Carbon Brief tells us all that children born today will have very much smaller carbon allowances than we did. Hmm, that seems obvious enough if the world’s going to emit less carbon in the future. They then frot themselves into the usual fantasy that we’re going to create that world of genuine equality as a result:
But in a second analysis, Carbon Brief posited a future carbon budget that would be the same for every citizen on the planet. This would mean that the budget for a child born today in the US is even lower, 97% lower than that of that of their grandparents. For someone born today in Europe, their budget would be 94% lower. “That those born today only have a carbon budget a fraction of the size of those from previous generations exemplifies the need for a transformative approach that puts social and economic justice at the heart of plans to tackle the climate crisis,” said Woodier. “We need massive investment in people and planet to transform our economies, and we need it urgently.”

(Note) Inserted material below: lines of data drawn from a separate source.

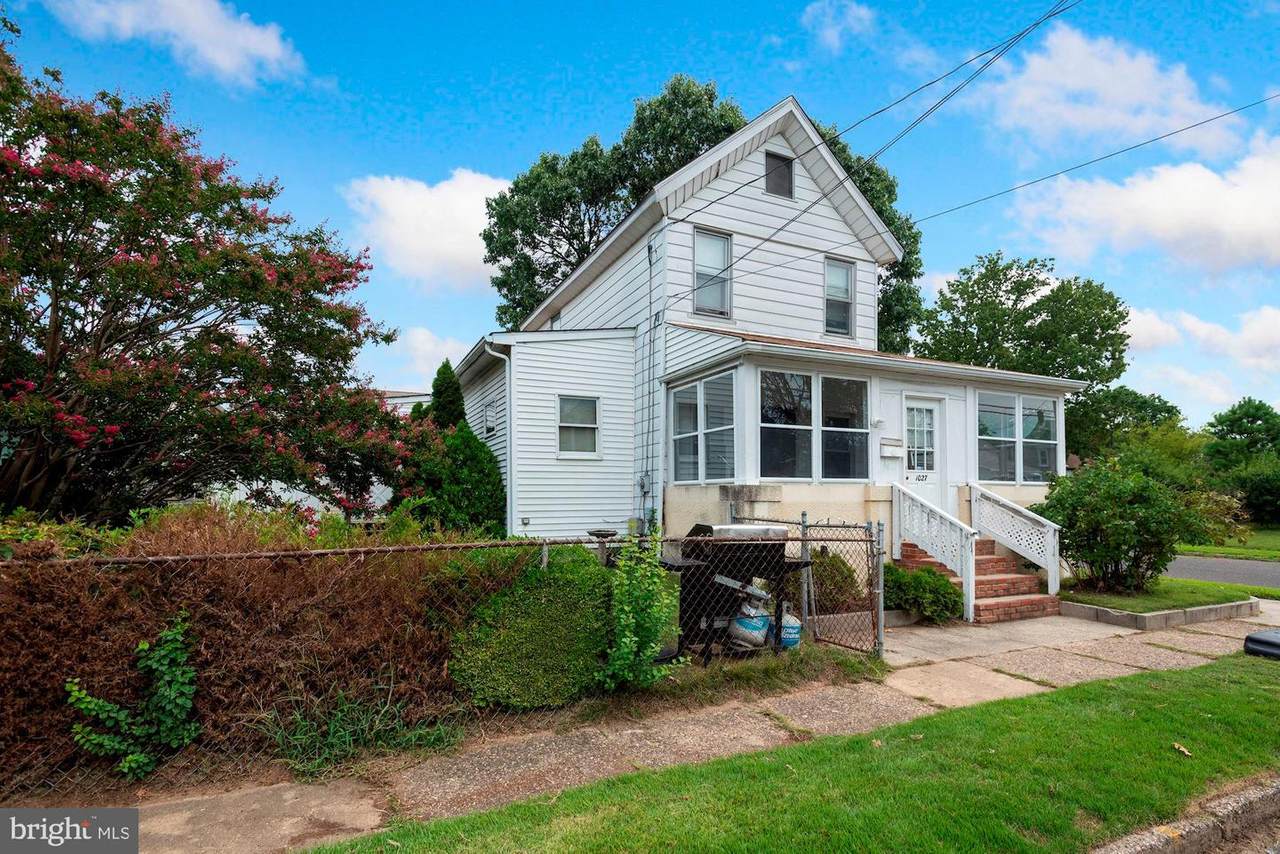 1027 Asbury Avenue - Photo 1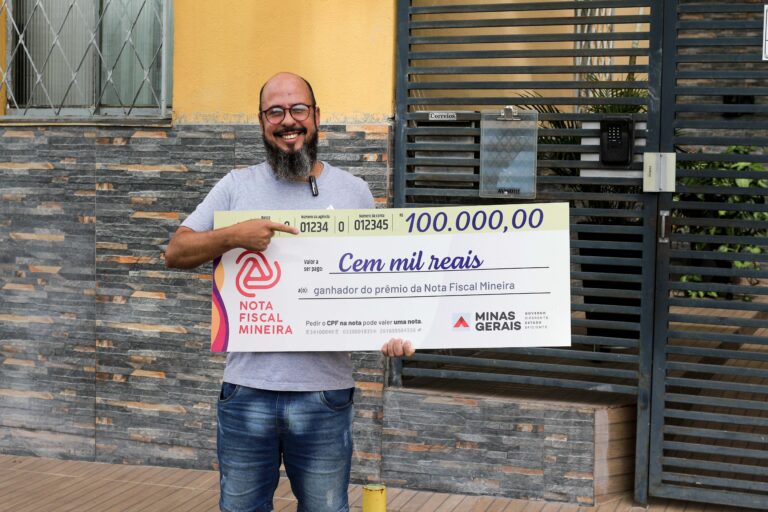 Governo de Minas entrega cheque simbólico de R$ 100 mil a ganhador da Nota Fiscal Mineira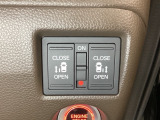 リアドアは乗り降りに便利な両側電動スライドドアです。また運転席に座っていながらスイッチ操作で自在にスライドドアを開け閉めできます。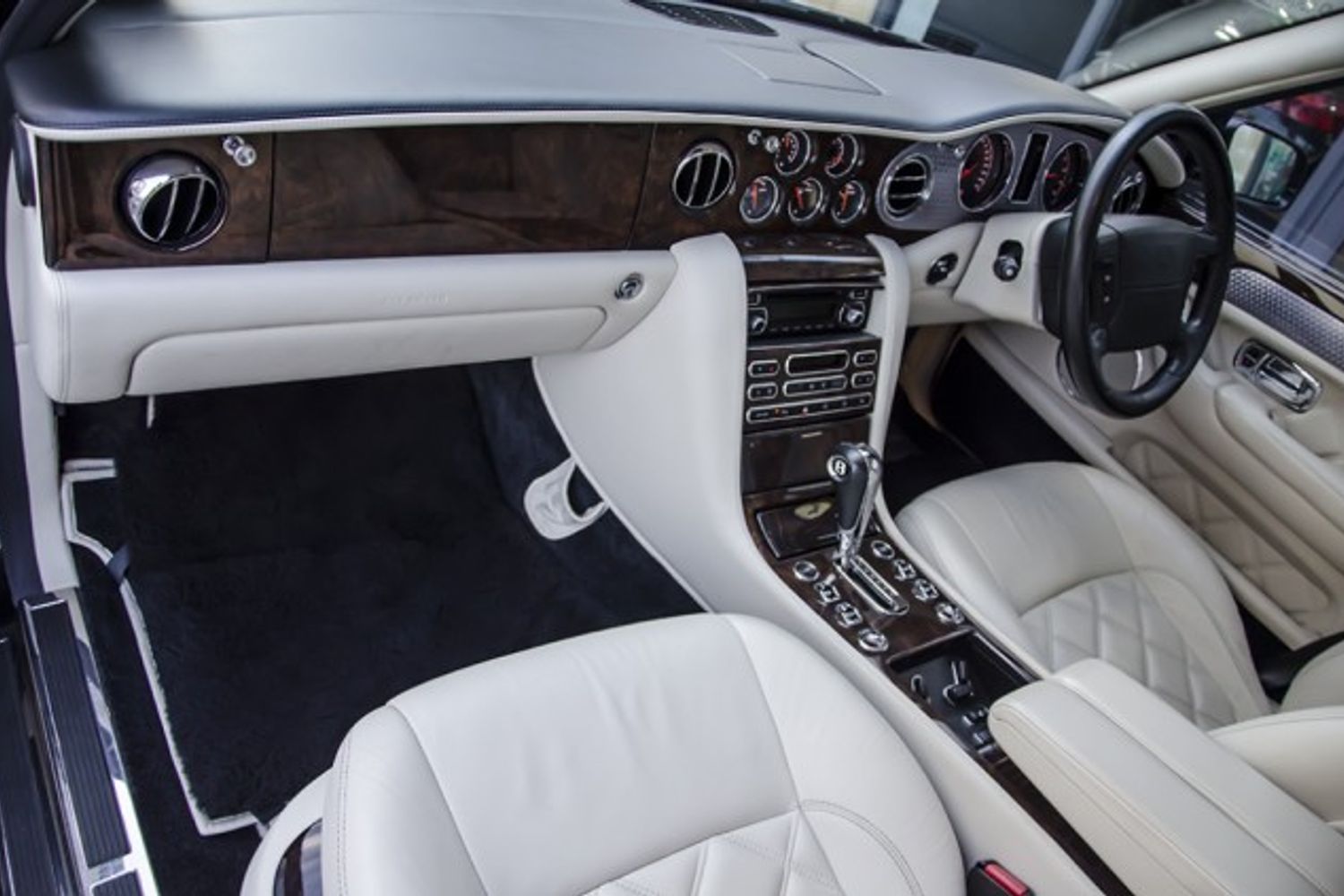 BENTLEY ARNAGE SALOON Arnage T Auto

This entirely missing what the IPCC itself tells us, that globalised capitalism and free markets is the solution, not the problem.
But the report does contain something of interest. The proof of why we’re not going to limit temperature rises to 1.5 oC:
Global emissions must peak in the next decade and quickly decline for the world to stay below its Paris Agreement limits, according to the UN. In the scenarios examined in this article (see methodology at the end for details), global emissions peak around 2020, decline around 50% by 2045 and then fall below zero around 2075 in order to hold global warming to below 2C. Emissions have to fall even faster for warming to be kept below 1.5C – falling around 50% by 2030 and to below zero by 2055. In the 1.5C scenarios examined here, large amounts of negative emissions are deployed by the end of the century, removing carbon from the atmosphere equivalent to roughly a third of today’s emissions.
Within the figures and logic being used here there are benefits to cutting emissions, sure there are. We don’t actually want to be steaming Flipper in the vapours of the last ice floe after all. But there are also costs. And how fast we do things is a large determinant of those costs.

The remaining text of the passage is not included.